---- Dataset section

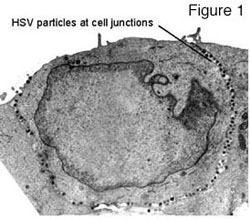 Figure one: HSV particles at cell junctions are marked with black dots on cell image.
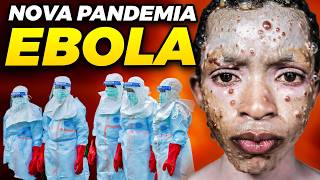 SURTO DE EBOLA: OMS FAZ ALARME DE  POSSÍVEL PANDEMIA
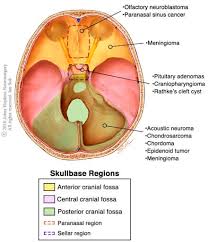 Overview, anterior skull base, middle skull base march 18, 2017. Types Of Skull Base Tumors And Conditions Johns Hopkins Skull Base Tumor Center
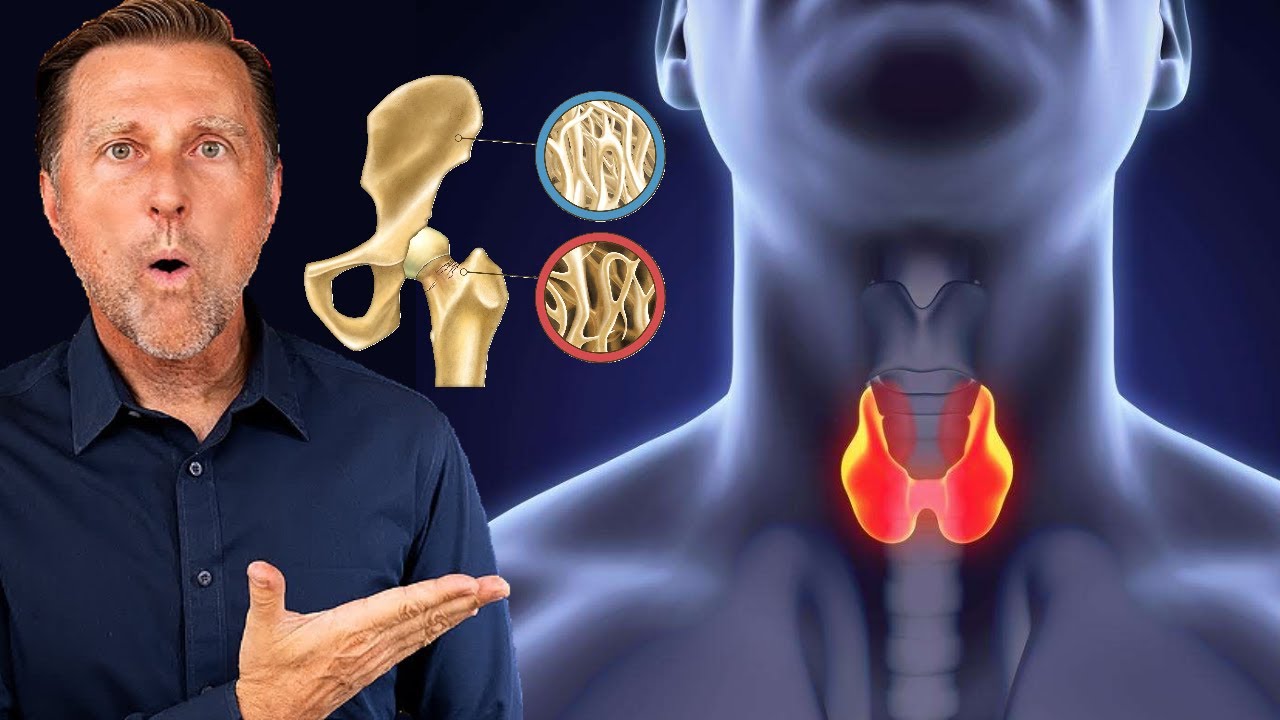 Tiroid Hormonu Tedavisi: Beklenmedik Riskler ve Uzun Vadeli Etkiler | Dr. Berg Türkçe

--------

Problem requirements >> Copy each line above precisely, dropping the pictures.

Expected answer >>
 Figure one: HSV particles at cell junctions are marked with black dots on cell image.
 SURTO DE EBOLA: OMS FAZ ALARME DE  POSSÍVEL PANDEMIA
 Overview, anterior skull base, middle skull base march 18, 2017. Types Of Skull Base Tumors And Conditions Johns Hopkins Skull Base Tumor Center
 Tiroid Hormonu Tedavisi: Beklenmedik Riskler ve Uzun Vadeli Etkiler | Dr. Berg Türkçe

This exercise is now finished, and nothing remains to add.